The interesting thing about this valuation is that even with a wide range of inputs, GameStop's share price still seems highly favorable. I ran a sensitivity analysis, and the company is still significantly undervalued even with growth of -15% and a WACC of 10%.
In my view, this constitutes a substantial margin of safety. I feel quite safe that when I purchase a share of GameStop, I am getting substantially more than $13 of intrinsic business value.
Will Gamestop Buy A Digital Download Game Free
Conclusion
With 121% upside on my base-case model, I recommend GameStop as a buy for investors looking to take advantage of excessive pessimism. My personal feeling is that five years of constant under-performance has caused many investors in the company to become depressed and capitulate; who wants to tell their friends that they have been sitting on a loser for five years when they could instead switch into Amazon and pretend like they bought in a couple years ago?
The risk to investors is that GameStop declines much more quickly than I expect and that within ten years, they are out of business. Based on my analysis here, I don't see that happening, but I will not rule out the possibility. GameStop's clean balance sheet makes near-term bankruptcy risk much lower than it could be if the company had employed more leverage.

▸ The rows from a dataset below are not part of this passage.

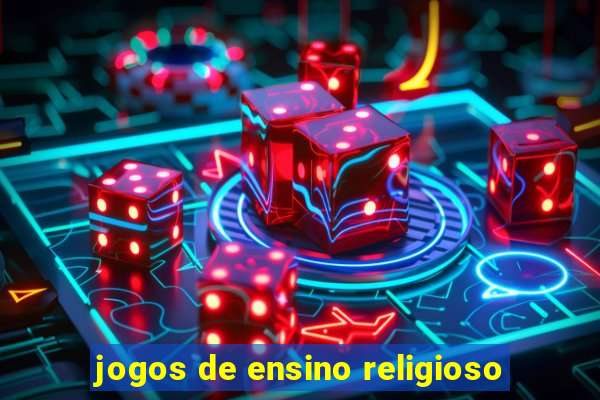 jogos de ensino religioso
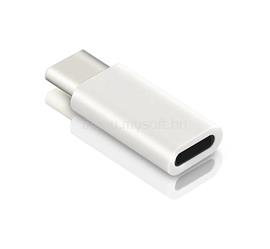 GIGAPACK GIGAPACK Adapter lightning aljzat - Type-C FEHÉR GP-28339 small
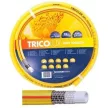 Tömlő  3/4" 25m sárga-piros csav.mentes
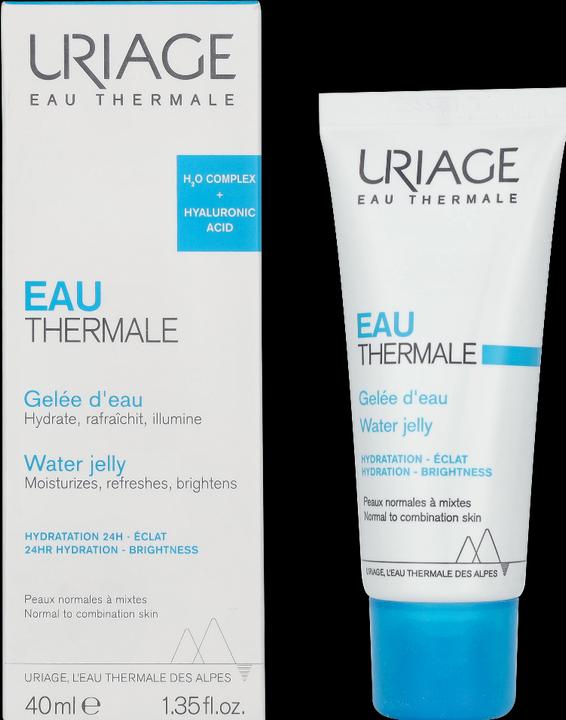 Actual product image Uriage Eau Thermale Water Jelly (40 ml, Face gel)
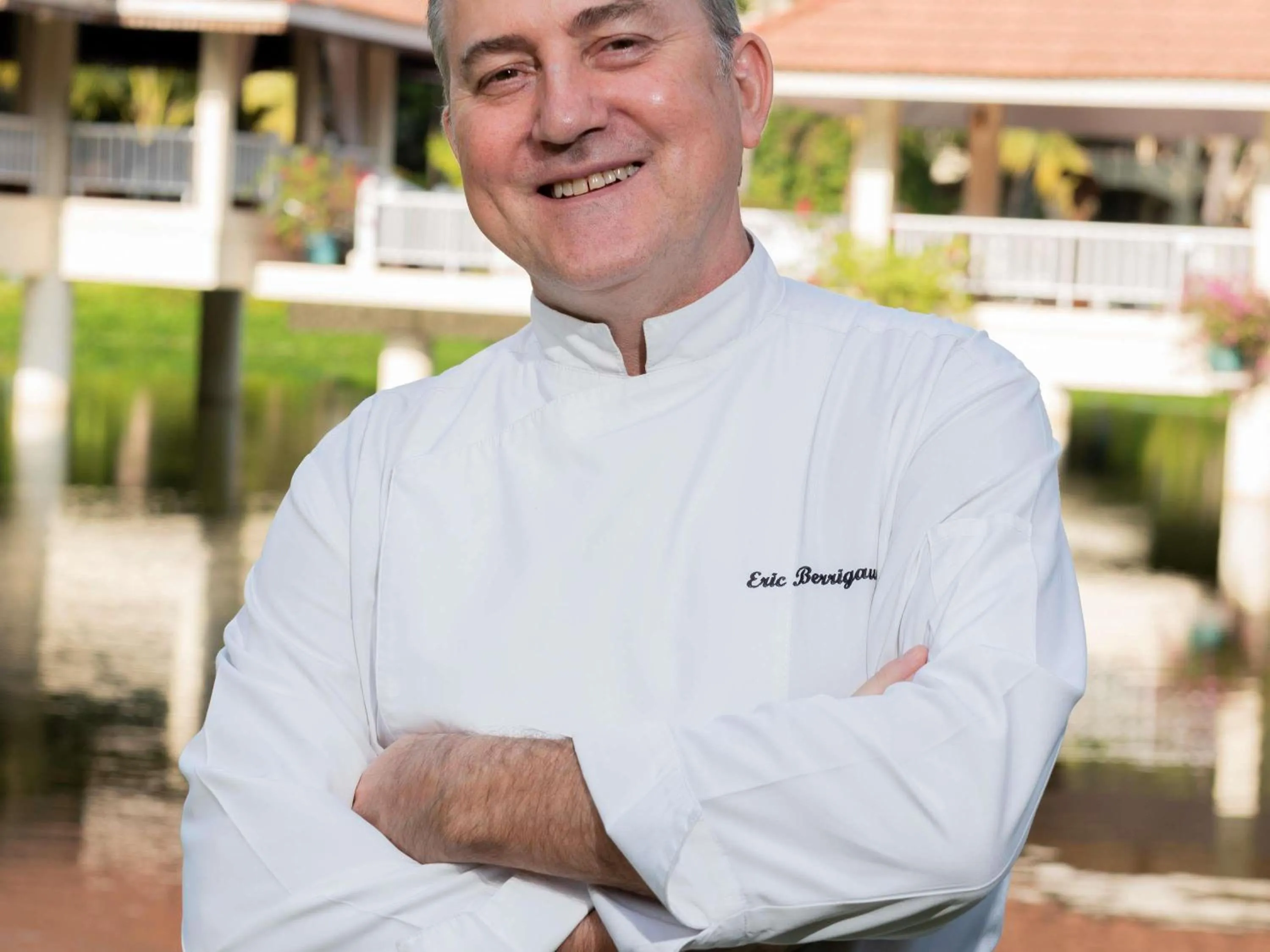 Restaurant/places to eat in Sofitel Angkor Phokeethra Golf & Spa Resort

Gamestop Digital Download Xbox One
Regarding a catalyst, I am not hopeful at this point that GameStop will sell off tech brands to fund a buyback, although I think that could be a quick, value-creating move. Investors will instead have to be patient and wait for dividends and buybacks to force shares higher. How many quarters of a 12% dividend yield can GameStop issue before buyers are attracted? I expect that before many years pass, investors will recognize the financial strength that GameStop still possesses and will reward the company in the market.
Disclosure:I am/we are long GME.I wrote this article myself, and it expresses my own opinions. I am not receiving compensation for it (other than from Seeking Alpha). I have no business relationship with any company whose stock is mentioned in this article.